[Records excerpted from a collection]

=-=-=

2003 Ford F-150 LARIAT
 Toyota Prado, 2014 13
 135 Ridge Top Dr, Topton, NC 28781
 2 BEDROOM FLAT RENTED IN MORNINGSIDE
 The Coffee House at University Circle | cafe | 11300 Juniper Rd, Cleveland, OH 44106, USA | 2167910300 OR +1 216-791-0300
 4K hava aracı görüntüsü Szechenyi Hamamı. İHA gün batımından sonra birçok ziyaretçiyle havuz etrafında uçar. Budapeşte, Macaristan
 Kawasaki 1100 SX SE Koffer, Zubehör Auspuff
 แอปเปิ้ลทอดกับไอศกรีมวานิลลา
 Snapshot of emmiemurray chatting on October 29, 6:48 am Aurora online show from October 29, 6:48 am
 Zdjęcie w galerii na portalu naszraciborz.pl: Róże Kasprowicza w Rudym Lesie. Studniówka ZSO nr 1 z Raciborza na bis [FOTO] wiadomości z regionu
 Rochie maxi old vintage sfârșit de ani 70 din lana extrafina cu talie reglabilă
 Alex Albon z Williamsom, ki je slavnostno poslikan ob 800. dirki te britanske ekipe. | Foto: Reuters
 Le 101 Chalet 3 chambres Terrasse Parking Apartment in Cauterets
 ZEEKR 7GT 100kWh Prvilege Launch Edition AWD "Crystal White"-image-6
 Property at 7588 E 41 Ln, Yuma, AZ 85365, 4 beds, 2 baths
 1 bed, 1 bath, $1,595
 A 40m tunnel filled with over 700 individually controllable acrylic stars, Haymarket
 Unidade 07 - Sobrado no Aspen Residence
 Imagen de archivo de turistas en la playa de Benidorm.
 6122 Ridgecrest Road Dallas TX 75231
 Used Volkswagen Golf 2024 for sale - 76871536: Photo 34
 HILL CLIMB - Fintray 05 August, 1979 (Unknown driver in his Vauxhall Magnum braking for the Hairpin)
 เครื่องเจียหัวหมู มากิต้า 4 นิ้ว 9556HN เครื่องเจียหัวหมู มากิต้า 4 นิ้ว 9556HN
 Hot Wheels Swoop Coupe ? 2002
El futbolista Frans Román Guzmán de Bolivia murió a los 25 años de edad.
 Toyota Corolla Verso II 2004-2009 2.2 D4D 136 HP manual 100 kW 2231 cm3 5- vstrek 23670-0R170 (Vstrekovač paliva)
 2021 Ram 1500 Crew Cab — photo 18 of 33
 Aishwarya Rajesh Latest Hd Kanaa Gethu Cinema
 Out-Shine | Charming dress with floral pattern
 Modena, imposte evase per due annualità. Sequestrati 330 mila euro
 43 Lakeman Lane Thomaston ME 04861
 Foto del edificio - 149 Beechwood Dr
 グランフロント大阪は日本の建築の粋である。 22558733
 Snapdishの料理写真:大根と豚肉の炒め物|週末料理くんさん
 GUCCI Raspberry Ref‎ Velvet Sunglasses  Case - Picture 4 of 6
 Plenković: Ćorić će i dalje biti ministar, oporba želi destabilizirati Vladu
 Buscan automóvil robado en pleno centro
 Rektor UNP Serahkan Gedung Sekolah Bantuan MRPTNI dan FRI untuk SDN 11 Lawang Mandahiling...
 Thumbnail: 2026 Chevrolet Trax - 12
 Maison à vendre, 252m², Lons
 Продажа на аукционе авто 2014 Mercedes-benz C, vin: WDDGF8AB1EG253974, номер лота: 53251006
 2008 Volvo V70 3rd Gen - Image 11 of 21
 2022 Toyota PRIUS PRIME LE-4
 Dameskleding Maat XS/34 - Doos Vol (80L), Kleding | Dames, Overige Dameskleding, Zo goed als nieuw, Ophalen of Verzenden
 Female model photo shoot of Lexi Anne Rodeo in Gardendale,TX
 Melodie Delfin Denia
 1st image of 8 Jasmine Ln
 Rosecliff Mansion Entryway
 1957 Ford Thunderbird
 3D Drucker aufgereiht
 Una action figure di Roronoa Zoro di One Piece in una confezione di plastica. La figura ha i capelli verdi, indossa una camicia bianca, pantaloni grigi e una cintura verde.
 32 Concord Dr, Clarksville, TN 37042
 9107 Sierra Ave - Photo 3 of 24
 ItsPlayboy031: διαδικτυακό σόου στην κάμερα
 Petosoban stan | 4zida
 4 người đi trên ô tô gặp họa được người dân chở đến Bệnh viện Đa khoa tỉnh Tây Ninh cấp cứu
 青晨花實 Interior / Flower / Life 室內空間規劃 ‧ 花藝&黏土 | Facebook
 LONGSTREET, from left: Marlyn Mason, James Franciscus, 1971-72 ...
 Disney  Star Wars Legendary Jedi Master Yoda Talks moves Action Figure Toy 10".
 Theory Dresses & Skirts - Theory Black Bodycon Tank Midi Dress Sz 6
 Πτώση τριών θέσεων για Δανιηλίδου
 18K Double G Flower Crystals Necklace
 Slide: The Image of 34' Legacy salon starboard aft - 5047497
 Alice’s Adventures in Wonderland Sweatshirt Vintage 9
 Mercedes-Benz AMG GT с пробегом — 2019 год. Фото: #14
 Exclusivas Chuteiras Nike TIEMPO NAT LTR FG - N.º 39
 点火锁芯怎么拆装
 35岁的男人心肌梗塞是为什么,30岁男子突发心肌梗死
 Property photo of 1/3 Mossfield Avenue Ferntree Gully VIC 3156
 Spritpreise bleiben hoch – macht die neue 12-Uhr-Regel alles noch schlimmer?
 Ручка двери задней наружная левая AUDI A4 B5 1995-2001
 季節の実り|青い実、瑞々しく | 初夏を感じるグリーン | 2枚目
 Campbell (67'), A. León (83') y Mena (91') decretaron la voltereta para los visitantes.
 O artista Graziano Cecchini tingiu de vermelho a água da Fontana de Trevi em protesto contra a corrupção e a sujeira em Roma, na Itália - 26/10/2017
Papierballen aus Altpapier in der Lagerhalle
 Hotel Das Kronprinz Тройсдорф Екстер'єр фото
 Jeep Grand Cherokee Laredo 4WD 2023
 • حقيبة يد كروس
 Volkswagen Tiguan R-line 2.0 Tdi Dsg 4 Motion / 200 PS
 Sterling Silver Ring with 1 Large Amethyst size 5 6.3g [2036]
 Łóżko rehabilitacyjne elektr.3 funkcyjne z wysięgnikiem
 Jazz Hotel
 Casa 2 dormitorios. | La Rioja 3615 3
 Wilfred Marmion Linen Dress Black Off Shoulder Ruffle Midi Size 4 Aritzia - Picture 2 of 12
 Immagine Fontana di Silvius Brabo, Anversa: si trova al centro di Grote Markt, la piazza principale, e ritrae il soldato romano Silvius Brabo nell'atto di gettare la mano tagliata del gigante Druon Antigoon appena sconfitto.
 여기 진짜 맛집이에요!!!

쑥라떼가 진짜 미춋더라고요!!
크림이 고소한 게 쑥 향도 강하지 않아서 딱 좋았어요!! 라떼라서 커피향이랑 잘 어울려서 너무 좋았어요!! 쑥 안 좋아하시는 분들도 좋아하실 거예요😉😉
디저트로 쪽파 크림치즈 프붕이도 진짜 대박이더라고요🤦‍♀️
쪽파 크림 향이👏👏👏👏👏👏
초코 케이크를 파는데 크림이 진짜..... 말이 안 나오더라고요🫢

=-=-=

▶ _Exercise instructions_: Restating the data word for word is the whole task.

▶ _Answer to the exercise_:
2003 Ford F-150 LARIAT
 Toyota Prado, 2014 13
 135 Ridge Top Dr, Topton, NC 28781
 2 BEDROOM FLAT RENTED IN MORNINGSIDE
 The Coffee House at University Circle | cafe | 11300 Juniper Rd, Cleveland, OH 44106, USA | 2167910300 OR +1 216-791-0300
 4K hava aracı görüntüsü Szechenyi Hamamı. İHA gün batımından sonra birçok ziyaretçiyle havuz etrafında uçar. Budapeşte, Macaristan
 Kawasaki 1100 SX SE Koffer, Zubehör Auspuff
 แอปเปิ้ลทอดกับไอศกรีมวานิลลา
 Snapshot of emmiemurray chatting on October 29, 6:48 am Aurora online show from October 29, 6:48 am
 Zdjęcie w galerii na portalu naszraciborz.pl: Róże Kasprowicza w Rudym Lesie. Studniówka ZSO nr 1 z Raciborza na bis [FOTO] wiadomości z regionu
 Rochie maxi old vintage sfârșit de ani 70 din lana extrafina cu talie reglabilă
 Alex Albon z Williamsom, ki je slavnostno poslikan ob 800. dirki te britanske ekipe. | Foto: Reuters
 Le 101 Chalet 3 chambres Terrasse Parking Apartment in Cauterets
 ZEEKR 7GT 100kWh Prvilege Launch Edition AWD "Crystal White"-image-6
 Property at 7588 E 41 Ln, Yuma, AZ 85365, 4 beds, 2 baths
 1 bed, 1 bath, $1,595
 A 40m tunnel filled with over 700 individually controllable acrylic stars, Haymarket
 Unidade 07 - Sobrado no Aspen Residence
 Imagen de archivo de turistas en la playa de Benidorm.
 6122 Ridgecrest Road Dallas TX 75231
 Used Volkswagen Golf 2024 for sale - 76871536: Photo 34
 HILL CLIMB - Fintray 05 August, 1979 (Unknown driver in his Vauxhall Magnum braking for the Hairpin)
 เครื่องเจียหัวหมู มากิต้า 4 นิ้ว 9556HN เครื่องเจียหัวหมู มากิต้า 4 นิ้ว 9556HN
 Hot Wheels Swoop Coupe ? 2002
El futbolista Frans Román Guzmán de Bolivia murió a los 25 años de edad.
 Toyota Corolla Verso II 2004-2009 2.2 D4D 136 HP manual 100 kW 2231 cm3 5- vstrek 23670-0R170 (Vstrekovač paliva)
 2021 Ram 1500 Crew Cab — photo 18 of 33
 Aishwarya Rajesh Latest Hd Kanaa Gethu Cinema
 Out-Shine | Charming dress with floral pattern
 Modena, imposte evase per due annualità. Sequestrati 330 mila euro
 43 Lakeman Lane Thomaston ME 04861
 Foto del edificio - 149 Beechwood Dr
 グランフロント大阪は日本の建築の粋である。 22558733
 Snapdishの料理写真:大根と豚肉の炒め物|週末料理くんさん
 GUCCI Raspberry Ref‎ Velvet Sunglasses  Case - Picture 4 of 6
 Plenković: Ćorić će i dalje biti ministar, oporba želi destabilizirati Vladu
 Buscan automóvil robado en pleno centro
 Rektor UNP Serahkan Gedung Sekolah Bantuan MRPTNI dan FRI untuk SDN 11 Lawang Mandahiling...
 Thumbnail: 2026 Chevrolet Trax - 12
 Maison à vendre, 252m², Lons
 Продажа на аукционе авто 2014 Mercedes-benz C, vin: WDDGF8AB1EG253974, номер лота: 53251006
 2008 Volvo V70 3rd Gen - Image 11 of 21
 2022 Toyota PRIUS PRIME LE-4
 Dameskleding Maat XS/34 - Doos Vol (80L), Kleding | Dames, Overige Dameskleding, Zo goed als nieuw, Ophalen of Verzenden
 Female model photo shoot of Lexi Anne Rodeo in Gardendale,TX
 Melodie Delfin Denia
 1st image of 8 Jasmine Ln
 Rosecliff Mansion Entryway
 1957 Ford Thunderbird
 3D Drucker aufgereiht
 Una action figure di Roronoa Zoro di One Piece in una confezione di plastica. La figura ha i capelli verdi, indossa una camicia bianca, pantaloni grigi e una cintura verde.
 32 Concord Dr, Clarksville, TN 37042
 9107 Sierra Ave - Photo 3 of 24
 ItsPlayboy031: διαδικτυακό σόου στην κάμερα
 Petosoban stan | 4zida
 4 người đi trên ô tô gặp họa được người dân chở đến Bệnh viện Đa khoa tỉnh Tây Ninh cấp cứu
 青晨花實 Interior / Flower / Life 室內空間規劃 ‧ 花藝&黏土 | Facebook
 LONGSTREET, from left: Marlyn Mason, James Franciscus, 1971-72 ...
 Disney  Star Wars Legendary Jedi Master Yoda Talks moves Action Figure Toy 10".
 Theory Dresses & Skirts - Theory Black Bodycon Tank Midi Dress Sz 6
 Πτώση τριών θέσεων για Δανιηλίδου
 18K Double G Flower Crystals Necklace
 Slide: The Image of 34' Legacy salon starboard aft - 5047497
 Alice’s Adventures in Wonderland Sweatshirt Vintage 9
 Mercedes-Benz AMG GT с пробегом — 2019 год. Фото: #14
 Exclusivas Chuteiras Nike TIEMPO NAT LTR FG - N.º 39
 点火锁芯怎么拆装
 35岁的男人心肌梗塞是为什么,30岁男子突发心肌梗死
 Property photo of 1/3 Mossfield Avenue Ferntree Gully VIC 3156
 Spritpreise bleiben hoch – macht die neue 12-Uhr-Regel alles noch schlimmer?
 Ручка двери задней наружная левая AUDI A4 B5 1995-2001
 季節の実り|青い実、瑞々しく | 初夏を感じるグリーン | 2枚目
 Campbell (67'), A. León (83') y Mena (91') decretaron la voltereta para los visitantes.
 O artista Graziano Cecchini tingiu de vermelho a água da Fontana de Trevi em protesto contra a corrupção e a sujeira em Roma, na Itália - 26/10/2017
Papierballen aus Altpapier in der Lagerhalle
 Hotel Das Kronprinz Тройсдорф Екстер'єр фото
 Jeep Grand Cherokee Laredo 4WD 2023
 • حقيبة يد كروس
 Volkswagen Tiguan R-line 2.0 Tdi Dsg 4 Motion / 200 PS
 Sterling Silver Ring with 1 Large Amethyst size 5 6.3g [2036]
 Łóżko rehabilitacyjne elektr.3 funkcyjne z wysięgnikiem
 Jazz Hotel
 Casa 2 dormitorios. | La Rioja 3615 3
 Wilfred Marmion Linen Dress Black Off Shoulder Ruffle Midi Size 4 Aritzia - Picture 2 of 12
 Immagine Fontana di Silvius Brabo, Anversa: si trova al centro di Grote Markt, la piazza principale, e ritrae il soldato romano Silvius Brabo nell'atto di gettare la mano tagliata del gigante Druon Antigoon appena sconfitto.
 여기 진짜 맛집이에요!!!

쑥라떼가 진짜 미춋더라고요!!
크림이 고소한 게 쑥 향도 강하지 않아서 딱 좋았어요!! 라떼라서 커피향이랑 잘 어울려서 너무 좋았어요!! 쑥 안 좋아하시는 분들도 좋아하실 거예요😉😉
디저트로 쪽파 크림치즈 프붕이도 진짜 대박이더라고요🤦‍♀️
쪽파 크림 향이👏👏👏👏👏👏
초코 케이크를 파는데 크림이 진짜..... 말이 안 나오더라고요🫢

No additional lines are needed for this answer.